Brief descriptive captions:

════

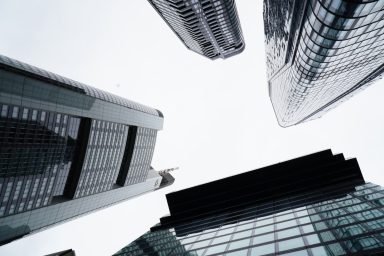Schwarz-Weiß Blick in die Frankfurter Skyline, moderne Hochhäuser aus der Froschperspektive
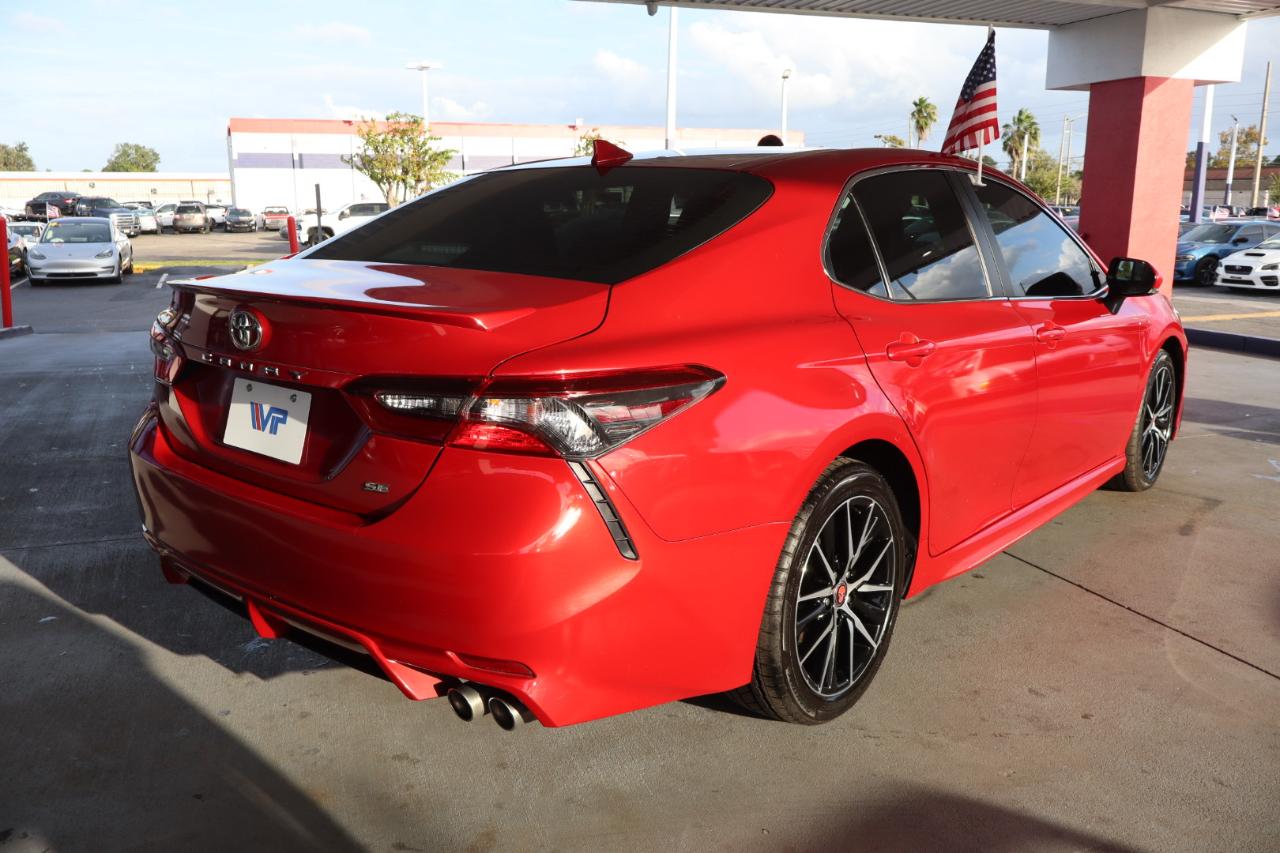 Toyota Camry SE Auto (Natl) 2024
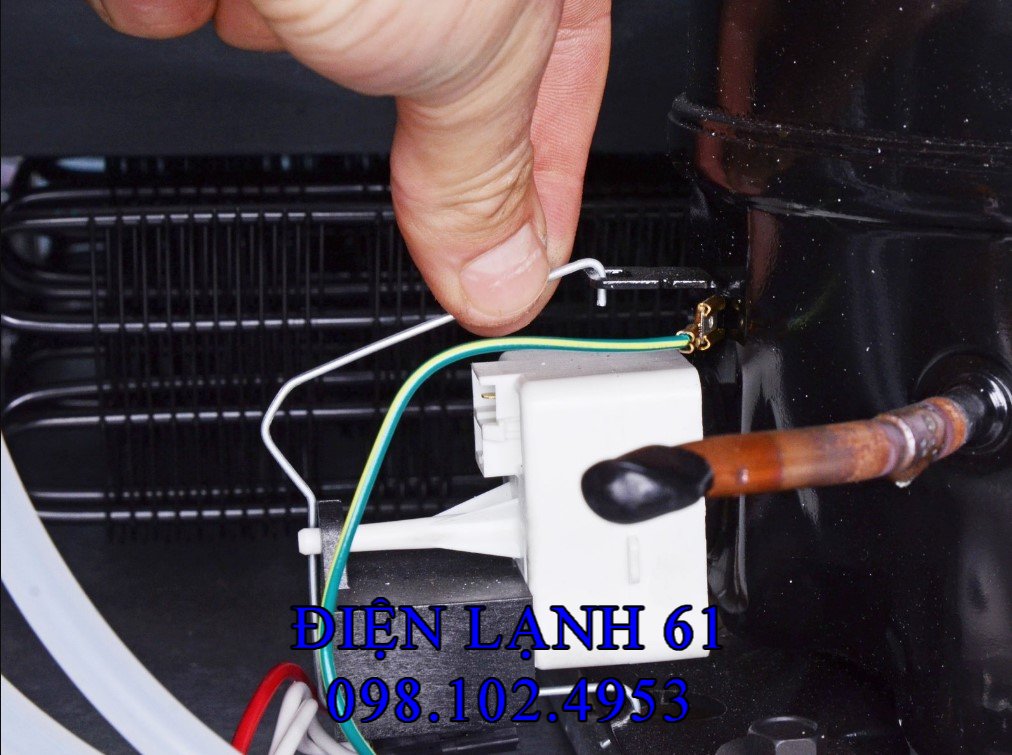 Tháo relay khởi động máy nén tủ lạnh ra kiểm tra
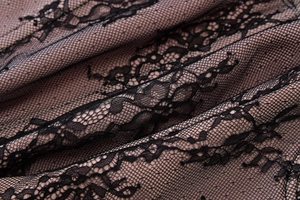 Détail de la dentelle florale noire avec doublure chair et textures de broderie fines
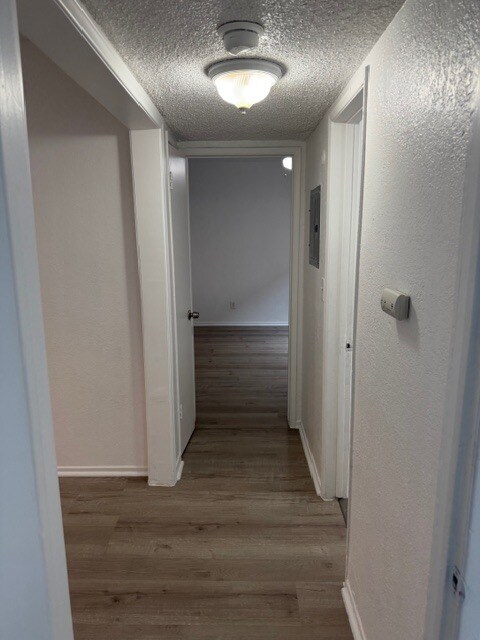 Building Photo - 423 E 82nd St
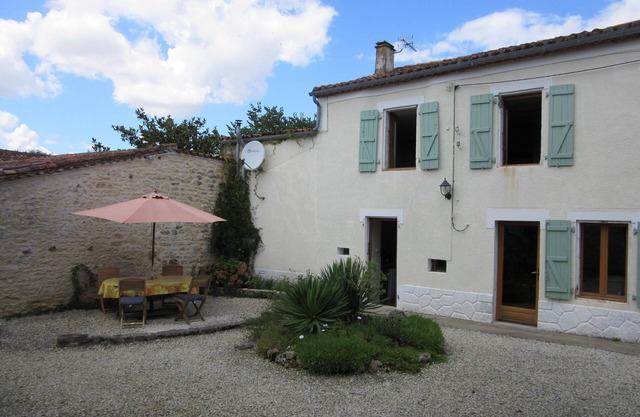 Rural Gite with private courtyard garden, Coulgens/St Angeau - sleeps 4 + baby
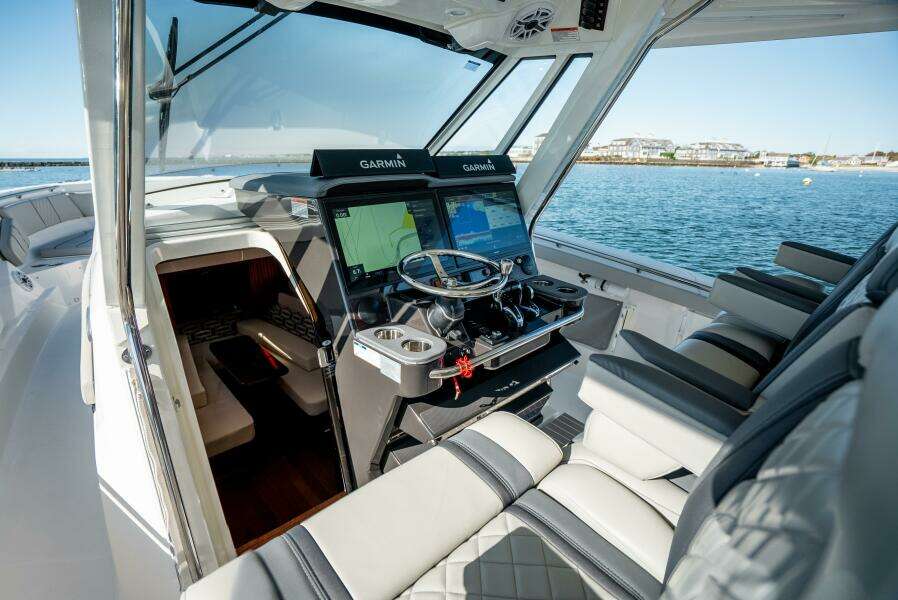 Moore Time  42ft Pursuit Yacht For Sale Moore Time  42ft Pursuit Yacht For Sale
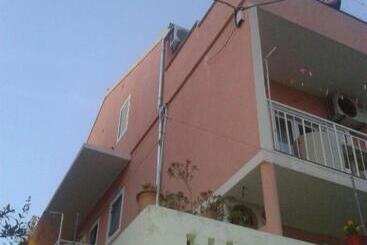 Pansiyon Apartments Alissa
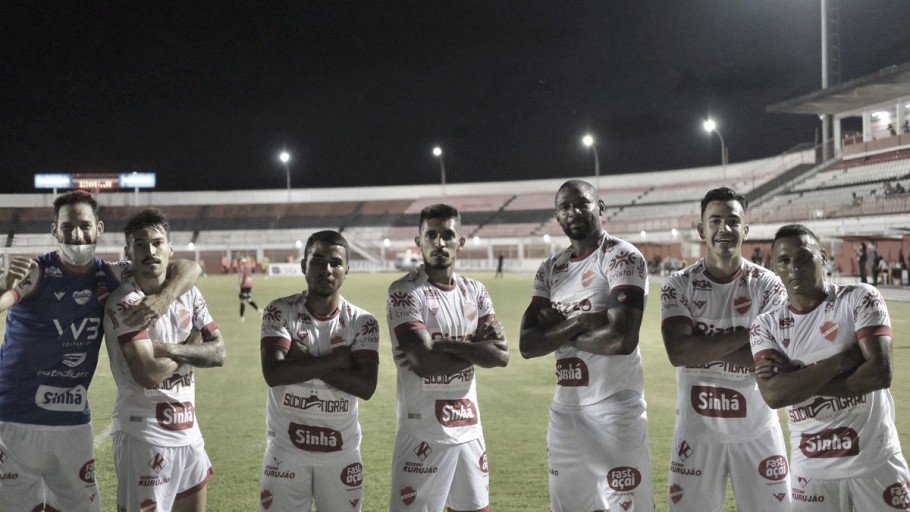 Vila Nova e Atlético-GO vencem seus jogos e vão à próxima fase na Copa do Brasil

════

◆ Work request
Leave out the pictures and copy exactly the lines from the one with "For Sale Moore" through the last line of the records above.

◆ Result below
 Moore Time  42ft Pursuit Yacht For Sale Moore Time  42ft Pursuit Yacht For Sale
 Pansiyon Apartments Alissa
 Vila Nova e Atlético-GO vencem seus jogos e vão à próxima fase na Copa do Brasil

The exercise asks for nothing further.